# HTV Peeling off



## Endlessprints (Jun 29, 2016)

Hi,

For a while I have been using htv from MDP - the hot flex stuff. Initially the transfers are perfect very smooth edging and stuck very well.

But recently we have had lot coming back weeks later because the lettering is all peeling off... I'm not sure what's going on here but it's all different parents bringing them back.

What could be going wrong? The website states that it should handle washes of up to 80oc and is safe to use in the tumble dryer.


----------



## Blue92 (Oct 8, 2010)

Have you checked the pressure and temp settings on your press? Using the same brand of shirts that you did in the past?


----------



## wonkylogoltd (Apr 18, 2012)

I have had this problem with mdp a few times in the past every time I report it to them they blame my press which by the way is brand new hotronix. It's usually the same colour light pink occasionally red. Vinyl does have a shelf life so it could just bbe out of date stock sent to you.
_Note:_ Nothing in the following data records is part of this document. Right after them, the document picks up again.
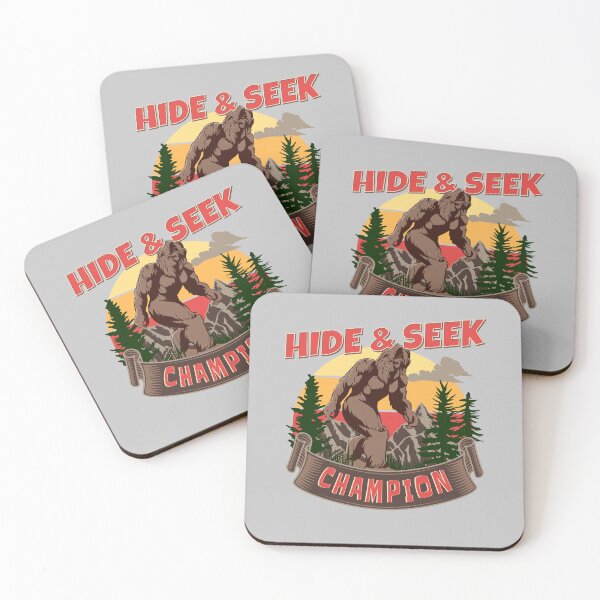 Item preview, Big Foot Hide & Seek Funny Men Women designed and sold by JG0024.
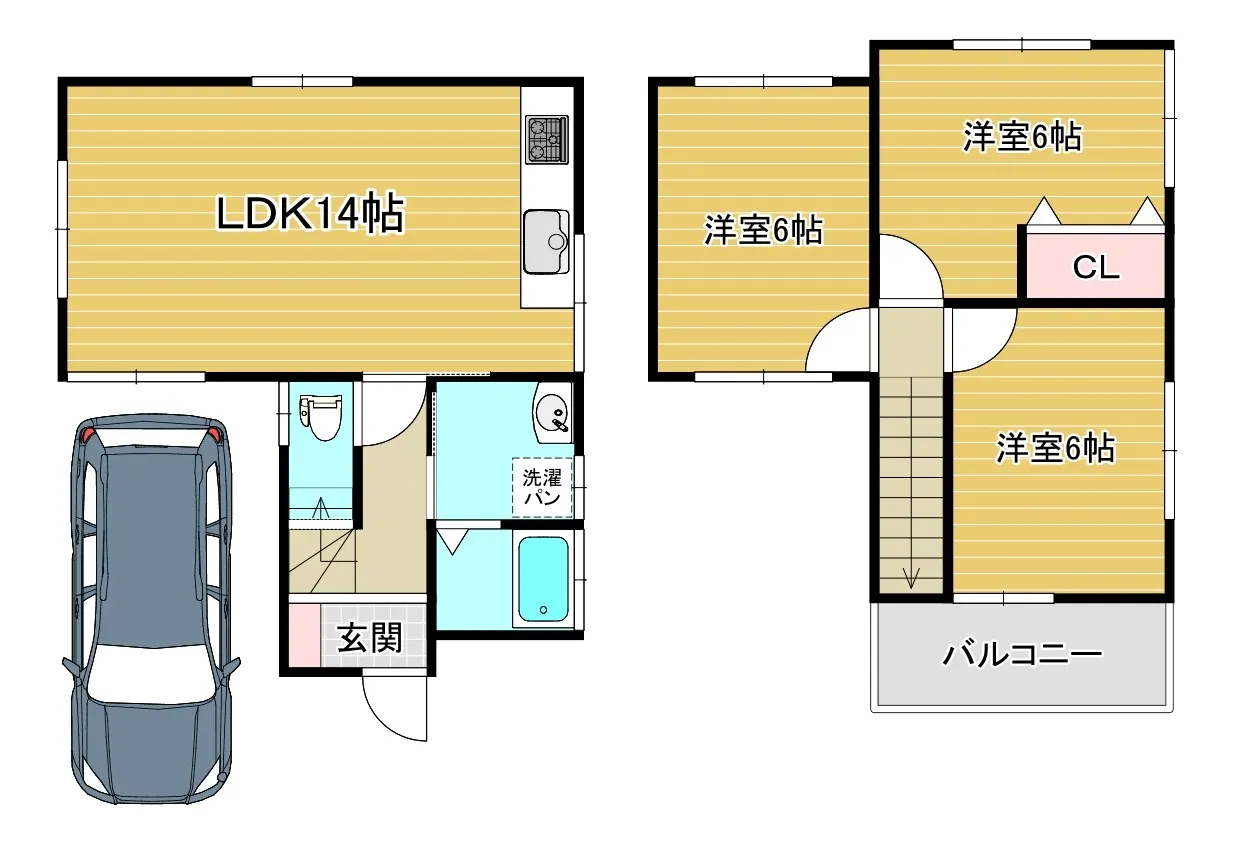 堺市東区日置荘田中町
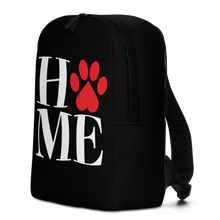 Home (Pet Lover) Funny Minimalist Backpack by Design Express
I use Xpres now same stuff just hoping I won't have the same problem, so far so good.


----------



## ddamico361 (Jun 28, 2016)

Endlessprints said:


> Hi,
> 
> For a while I have been using htv from MDP - the lettering is all peeling off...


Who is MDP? Sounds like their product is not very good. I'm new so I'm finding my way through alternatives. Thanks.

DavidD


----------